Professor Erika Lee woke up the day after the presidential election with a brainstorm. With so much heated debate about immigration, the University of Minnesota historian decided a little historical perspective was desperately needed.

So she teamed up with experts across the country to launch a new website, #ImmigrationSyllabus, that offers a crash course in how immigration bans have played out in the past — often to the nation's lasting regret.

The goal, says Lee, is not to take sides in the political debate, but to let the facts do the talking.

"The issue of immigration is so divisive and many of the facts get lost," said Lee, director of the U's Immigration History Research Center. "As historians we know what the full impact was."

Since 1882 — when Congress passed the Chinese Exclusion Act — presidents and politicians have gone through cycles of banning or restricting various ethnic groups and nationalities, only to apologize years (or decades) later for the harm inflicted, Lee said. In 2012, for example, Congress formally expressed regret for the 19th-century law restricting Chinese immigration — nearly 70 years after it was repealed.

"When we close the gates, we look back on those periods with shame," she said. "And I do feel that we are on the verge of repeating some of those past mistakes."

The website made its debut on Jan. 26, which turned out to be especially timely.

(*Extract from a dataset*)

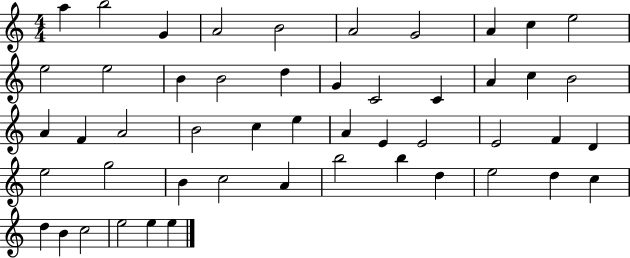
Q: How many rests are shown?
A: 0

The next day, President Trump signed an executive order temporarily banning refugees and visitors from seven Muslim countries — a move that triggered nationwide protests.

Since then, the new website has drawn more than 13,000 visitors from across the world, much to Lee's delight.

College class, no lectures

To create the site, Lee said she reached out to some of the brightest minds in her field; they spent the next two months wrestling with how to distill centuries of history into a format that would appeal to the public, as well as fellow educators.

Lee said that she and her colleagues were inspired in part by similar projects, such as #StandingRockSyllabus and #FergusonSyllabus, which offer openly partisan takes on their subjects.

But Lee insists that the immigration site, which was sponsored jointly by the U and the national Immigration and Ethnic History Society, takes a more measured approach. "It's really meant to be an educational resource and a teaching tool," she said.

The website is designed to mimic a 15-week college course, minus the lectures. The introduction notes how the presidential campaign reflected a kind of hostility toward foreigners that never fully went away. "Indeed, anti-immigrant rhetoric and immigrant surveillance, detention, and deportation have been a defining feature of American politics and state and federal policy since the 19th century," it says.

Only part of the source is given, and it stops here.